ビタミンCは感冒予防・治療に有効か?


ノーベル賞学者を馬鹿呼ばわりしたくないのだが、Linus Paulingってやつは、その後の悪影響を考えればやはり馬鹿と呼びたい。

1970年ビタミンCと感冒について著作、多くの人々を信じ込ませたがこれは民衆の熱狂を呼び起こしたが、正当な者ではなかった。
オーストリア国立大学のRobert M Douglas、フィンランド・ヘルシンキ大学のHarri Hemiläが過去65年にわたるビタミンCと感冒の質の高い研究をレビューした。

ダミー錠剤(プラセボ)とビタミンC200mg/日の比較である。23の研究で、2g/日までのもので、ビタミンCはそのリスクを減少させなかった。結論としては、“ビタミンCサプリメントの予防的効果は普通一般のひとへの感冒に対しては認められなかった”

ビタミンC投与してたもので、感冒を経験したとき、プラセボに比較して期間減少が少し見られた。“この最小の効果は純粋に生物学的効果の一致性が見られるが、臨床的な意義は疑問視される。”と著者らは述べている。
極度の身体的な運動や寒気にさらされているときに感冒の予防効果が見られるというエビデンスを見出している。これは寒気にさらされているマラソンランナー、スキー、軍隊で6つの研究で認められている。平均的に感冒発生率を50%減少させる。
著者らはこの結果は主にマラソンランナーのものであり、一般に適応するときは、重大な警告をもってすべきであるとしている。

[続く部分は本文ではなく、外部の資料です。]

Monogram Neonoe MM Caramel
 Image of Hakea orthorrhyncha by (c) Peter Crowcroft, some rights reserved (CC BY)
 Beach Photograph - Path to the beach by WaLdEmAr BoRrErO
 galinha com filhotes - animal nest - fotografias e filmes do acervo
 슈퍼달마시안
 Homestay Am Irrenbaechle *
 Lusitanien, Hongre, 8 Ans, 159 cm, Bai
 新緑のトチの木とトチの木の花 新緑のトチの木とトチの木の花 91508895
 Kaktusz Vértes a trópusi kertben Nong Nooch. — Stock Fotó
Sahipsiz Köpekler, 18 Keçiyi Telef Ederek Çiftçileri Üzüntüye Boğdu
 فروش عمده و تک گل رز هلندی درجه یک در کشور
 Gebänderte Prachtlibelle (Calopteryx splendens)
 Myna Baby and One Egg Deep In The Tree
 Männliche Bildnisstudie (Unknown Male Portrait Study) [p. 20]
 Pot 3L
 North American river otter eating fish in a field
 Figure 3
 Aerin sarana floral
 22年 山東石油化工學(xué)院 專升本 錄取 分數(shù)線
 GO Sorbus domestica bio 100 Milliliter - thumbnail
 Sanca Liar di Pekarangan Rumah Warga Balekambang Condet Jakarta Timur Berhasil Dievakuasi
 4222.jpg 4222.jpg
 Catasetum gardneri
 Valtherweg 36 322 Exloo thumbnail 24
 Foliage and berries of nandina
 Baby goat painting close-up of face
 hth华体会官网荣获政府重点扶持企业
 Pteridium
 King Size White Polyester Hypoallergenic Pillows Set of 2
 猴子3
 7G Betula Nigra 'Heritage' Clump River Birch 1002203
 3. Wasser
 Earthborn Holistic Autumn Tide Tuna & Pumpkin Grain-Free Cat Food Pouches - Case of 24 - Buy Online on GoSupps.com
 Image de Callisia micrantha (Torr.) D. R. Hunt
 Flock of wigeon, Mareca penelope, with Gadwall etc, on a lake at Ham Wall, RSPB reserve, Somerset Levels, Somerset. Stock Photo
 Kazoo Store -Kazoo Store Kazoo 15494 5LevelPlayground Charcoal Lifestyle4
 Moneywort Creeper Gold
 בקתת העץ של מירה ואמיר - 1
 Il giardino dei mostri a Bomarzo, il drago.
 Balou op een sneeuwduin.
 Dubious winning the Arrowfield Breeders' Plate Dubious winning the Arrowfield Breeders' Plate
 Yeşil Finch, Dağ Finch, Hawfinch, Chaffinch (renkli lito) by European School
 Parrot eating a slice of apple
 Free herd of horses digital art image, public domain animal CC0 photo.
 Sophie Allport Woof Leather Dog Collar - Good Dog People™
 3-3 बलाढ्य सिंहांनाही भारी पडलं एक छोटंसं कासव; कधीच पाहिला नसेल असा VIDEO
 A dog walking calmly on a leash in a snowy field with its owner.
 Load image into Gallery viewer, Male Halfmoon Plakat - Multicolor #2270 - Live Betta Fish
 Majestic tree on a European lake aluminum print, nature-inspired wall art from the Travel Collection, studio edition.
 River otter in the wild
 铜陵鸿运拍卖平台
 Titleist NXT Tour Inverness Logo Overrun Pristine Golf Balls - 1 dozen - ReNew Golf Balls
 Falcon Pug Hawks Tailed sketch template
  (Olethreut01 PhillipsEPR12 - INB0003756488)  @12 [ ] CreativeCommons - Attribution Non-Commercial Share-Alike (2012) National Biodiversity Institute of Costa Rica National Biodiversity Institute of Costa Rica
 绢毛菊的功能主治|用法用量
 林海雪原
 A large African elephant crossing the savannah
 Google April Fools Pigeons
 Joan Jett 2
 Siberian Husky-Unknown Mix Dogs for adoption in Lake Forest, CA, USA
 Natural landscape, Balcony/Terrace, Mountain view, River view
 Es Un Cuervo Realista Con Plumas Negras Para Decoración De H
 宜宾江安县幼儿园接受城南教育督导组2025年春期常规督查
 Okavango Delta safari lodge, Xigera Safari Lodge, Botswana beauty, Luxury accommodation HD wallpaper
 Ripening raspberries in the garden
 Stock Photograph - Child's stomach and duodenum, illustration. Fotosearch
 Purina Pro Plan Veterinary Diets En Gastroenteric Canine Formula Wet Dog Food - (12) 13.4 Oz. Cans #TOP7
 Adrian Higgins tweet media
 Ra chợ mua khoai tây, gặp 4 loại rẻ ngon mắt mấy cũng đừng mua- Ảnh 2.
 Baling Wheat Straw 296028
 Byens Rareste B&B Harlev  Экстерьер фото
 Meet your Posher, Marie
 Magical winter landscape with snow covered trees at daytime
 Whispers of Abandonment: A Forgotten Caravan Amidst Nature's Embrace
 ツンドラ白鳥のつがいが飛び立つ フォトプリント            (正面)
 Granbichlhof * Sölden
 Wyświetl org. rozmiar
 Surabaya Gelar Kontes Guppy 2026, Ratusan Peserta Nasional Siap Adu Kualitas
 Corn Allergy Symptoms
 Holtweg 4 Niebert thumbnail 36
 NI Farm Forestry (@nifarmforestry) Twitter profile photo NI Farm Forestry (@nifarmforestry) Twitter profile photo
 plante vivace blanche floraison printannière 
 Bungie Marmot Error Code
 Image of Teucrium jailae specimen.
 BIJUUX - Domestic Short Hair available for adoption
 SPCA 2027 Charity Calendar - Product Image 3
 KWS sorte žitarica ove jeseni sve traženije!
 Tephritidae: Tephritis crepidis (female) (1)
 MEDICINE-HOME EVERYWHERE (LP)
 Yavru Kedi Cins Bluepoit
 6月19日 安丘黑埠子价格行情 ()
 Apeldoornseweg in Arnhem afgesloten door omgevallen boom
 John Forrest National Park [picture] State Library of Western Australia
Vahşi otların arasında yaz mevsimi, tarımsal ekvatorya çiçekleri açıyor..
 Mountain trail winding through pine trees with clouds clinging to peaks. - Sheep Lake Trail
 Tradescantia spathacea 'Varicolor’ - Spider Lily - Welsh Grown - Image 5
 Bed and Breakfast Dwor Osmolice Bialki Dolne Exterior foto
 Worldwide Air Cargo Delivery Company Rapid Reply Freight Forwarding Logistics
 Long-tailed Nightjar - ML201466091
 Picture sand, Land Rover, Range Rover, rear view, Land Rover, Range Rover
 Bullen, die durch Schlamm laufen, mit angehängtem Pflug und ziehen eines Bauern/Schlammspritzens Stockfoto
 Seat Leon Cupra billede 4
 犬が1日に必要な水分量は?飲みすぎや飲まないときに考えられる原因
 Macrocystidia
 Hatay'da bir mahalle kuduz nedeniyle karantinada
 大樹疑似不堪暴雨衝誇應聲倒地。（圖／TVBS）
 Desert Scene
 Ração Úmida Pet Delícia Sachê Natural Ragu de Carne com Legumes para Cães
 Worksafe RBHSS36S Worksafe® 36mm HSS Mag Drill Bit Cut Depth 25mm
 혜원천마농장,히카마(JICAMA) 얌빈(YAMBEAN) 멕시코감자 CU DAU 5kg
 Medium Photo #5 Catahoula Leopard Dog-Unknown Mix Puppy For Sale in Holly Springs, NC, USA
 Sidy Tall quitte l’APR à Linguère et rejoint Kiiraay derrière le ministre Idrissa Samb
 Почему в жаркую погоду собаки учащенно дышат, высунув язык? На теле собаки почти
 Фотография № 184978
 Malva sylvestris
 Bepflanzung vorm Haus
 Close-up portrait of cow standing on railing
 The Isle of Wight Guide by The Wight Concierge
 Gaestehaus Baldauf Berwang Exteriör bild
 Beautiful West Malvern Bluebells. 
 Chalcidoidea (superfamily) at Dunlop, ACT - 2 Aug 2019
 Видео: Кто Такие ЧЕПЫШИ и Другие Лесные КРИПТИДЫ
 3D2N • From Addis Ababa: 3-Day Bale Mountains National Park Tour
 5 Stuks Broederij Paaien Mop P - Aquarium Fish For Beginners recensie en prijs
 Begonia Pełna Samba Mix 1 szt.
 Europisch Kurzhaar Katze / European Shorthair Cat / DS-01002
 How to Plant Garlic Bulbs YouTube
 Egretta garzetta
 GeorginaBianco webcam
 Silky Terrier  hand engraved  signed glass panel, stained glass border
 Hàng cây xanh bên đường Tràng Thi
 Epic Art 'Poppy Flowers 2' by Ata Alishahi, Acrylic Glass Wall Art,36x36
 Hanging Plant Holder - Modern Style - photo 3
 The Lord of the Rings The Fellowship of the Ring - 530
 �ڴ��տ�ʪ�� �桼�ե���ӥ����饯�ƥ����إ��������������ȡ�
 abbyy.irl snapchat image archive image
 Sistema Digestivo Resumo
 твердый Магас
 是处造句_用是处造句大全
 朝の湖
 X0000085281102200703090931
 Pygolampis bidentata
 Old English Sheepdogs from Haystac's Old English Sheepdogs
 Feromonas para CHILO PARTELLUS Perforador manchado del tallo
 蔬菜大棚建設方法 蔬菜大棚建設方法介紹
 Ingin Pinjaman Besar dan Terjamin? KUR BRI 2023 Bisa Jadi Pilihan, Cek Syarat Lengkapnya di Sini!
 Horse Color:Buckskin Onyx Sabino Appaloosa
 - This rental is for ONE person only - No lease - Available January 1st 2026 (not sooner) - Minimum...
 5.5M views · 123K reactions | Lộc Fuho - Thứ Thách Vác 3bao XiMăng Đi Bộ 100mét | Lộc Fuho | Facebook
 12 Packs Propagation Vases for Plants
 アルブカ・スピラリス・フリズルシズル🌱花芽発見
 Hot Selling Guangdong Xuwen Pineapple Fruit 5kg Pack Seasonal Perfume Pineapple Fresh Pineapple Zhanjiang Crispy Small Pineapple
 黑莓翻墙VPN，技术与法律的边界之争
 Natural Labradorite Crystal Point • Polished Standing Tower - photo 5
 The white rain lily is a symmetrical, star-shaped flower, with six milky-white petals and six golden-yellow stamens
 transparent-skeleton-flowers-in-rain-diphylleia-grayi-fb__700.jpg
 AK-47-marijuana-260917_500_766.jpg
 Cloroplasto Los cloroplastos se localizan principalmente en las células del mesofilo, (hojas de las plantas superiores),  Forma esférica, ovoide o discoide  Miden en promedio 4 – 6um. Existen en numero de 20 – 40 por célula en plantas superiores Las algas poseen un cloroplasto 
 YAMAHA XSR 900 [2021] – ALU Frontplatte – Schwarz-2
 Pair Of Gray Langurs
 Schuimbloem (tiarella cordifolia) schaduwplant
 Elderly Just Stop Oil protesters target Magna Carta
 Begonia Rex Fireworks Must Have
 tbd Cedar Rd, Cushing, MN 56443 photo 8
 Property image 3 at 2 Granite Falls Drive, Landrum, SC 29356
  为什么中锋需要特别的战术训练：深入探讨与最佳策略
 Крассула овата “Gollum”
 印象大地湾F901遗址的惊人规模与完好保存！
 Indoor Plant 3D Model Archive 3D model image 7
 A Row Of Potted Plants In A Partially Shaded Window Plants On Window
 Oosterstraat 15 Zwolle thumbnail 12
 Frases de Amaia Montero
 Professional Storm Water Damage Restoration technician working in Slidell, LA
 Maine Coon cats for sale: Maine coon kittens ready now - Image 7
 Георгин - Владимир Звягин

罹患後の感冒にビタミンCは有効か?7つの研究で、ビタミンCを罹患時使用して期間短縮となるか評価した。ビタミン摂取にて有益性を認めなかった。しかし7つのトライアルの内ひとつ、8g/日という高用量でプラセボと比較して症状短縮の結論のものがあった。単一の研究であり、検討の余地が残ると結論づけている。このサマリーはCochrane Library (see www.cochrane.org)に掲載される。([[ScienceDaily 2005-06-28:http://www.sciencedaily.com/releases/2005/06/050628064753.htm]])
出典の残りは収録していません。